Does anyone know what the best way to go about transferring a large sum over 300K sterling into Euro and what rate should I expect to receive?  I would prefer a commercial rate rather than the standard rate given to any punter. Your help is appreciated.


----------



## asdfg (3 Oct 2007)

Try XE.com


----------



## polo1 (5 Oct 2007)

maybe you misunderstood my question or I wasnt clear.  I need to actually change sterling money to euro's...Any idea who would give me the best rate or what is the best way of getting the best rate?


----------



## Fatphrog (5 Oct 2007)

polo1, XE.com do an actual trading system and the rate is usually competitive. afaik, they have restrictions and conditions due to money-laundering regulations but you'll probably find that elsewhere too.


----------



## efm (5 Oct 2007)

With an amount of that size you should be getting a spot rate anyway form any of the banks.  You should be able to negotiate decent rate by playing one bank of the other.

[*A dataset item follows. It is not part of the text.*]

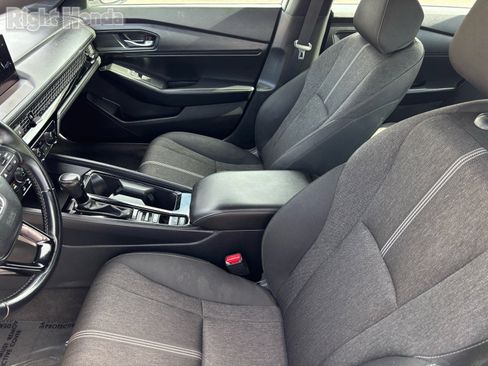 Used 2024 Honda Accord Sport image 16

Use xe.com to get an idea of the mid rate so that you know how close each bank is to the mid


----------



## 3964 (5 Oct 2007)

Does anyone have any experience of using an online currency site to access foreign exchange.

Thanks    Maeve


----------



## MichaelDes (5 Oct 2007)

I've £20kstg to conver to euro. Bugger about the NR situation messing the rate from 66p= €1 to 69.4p=€1. Lets start a swap shop. I trade mines at the midway for someone vice versa. Screw the banks on the spread.


----------



## budapest (5 Oct 2007)

I've had generally good experiences with www.axiafx.com.  You can book a rate days in advance, usually without a deposit and I've found their rates quite competitive.


----------



## MichaelDes (5 Oct 2007)

budapest said:


> I've had generally good experiences with [broken link removed]. You can book a rate days in advance, usually without a deposit and I've found their rates quite competitive.


 
Nice one Buda...Put in Favorites. Banks giving lousy spot rates with their greedy spreads. UBL used to be good for low margins etc over €25k but since that UK bank.....is it Bank of Scotland... started getting tight & the deals have got meaner. P.S. Will Stg strengthen now NR debacle behind us or is it a case of how long is a piece of string...wanted 67p


----------



## 3964 (6 Oct 2007)

Thank you Budapest for posting  [broken link removed].  The site seems user friendly to me a fool when it comes to financial terms.  I will enjoy exloring it further.

Best Regards   Maeve


----------



## Kurly (7 Feb 2008)

I can help (from personal experience) in letting you know who and where not to go to to convert your money from sterling to euro.  Especially large amounts into commercial accounts.


----------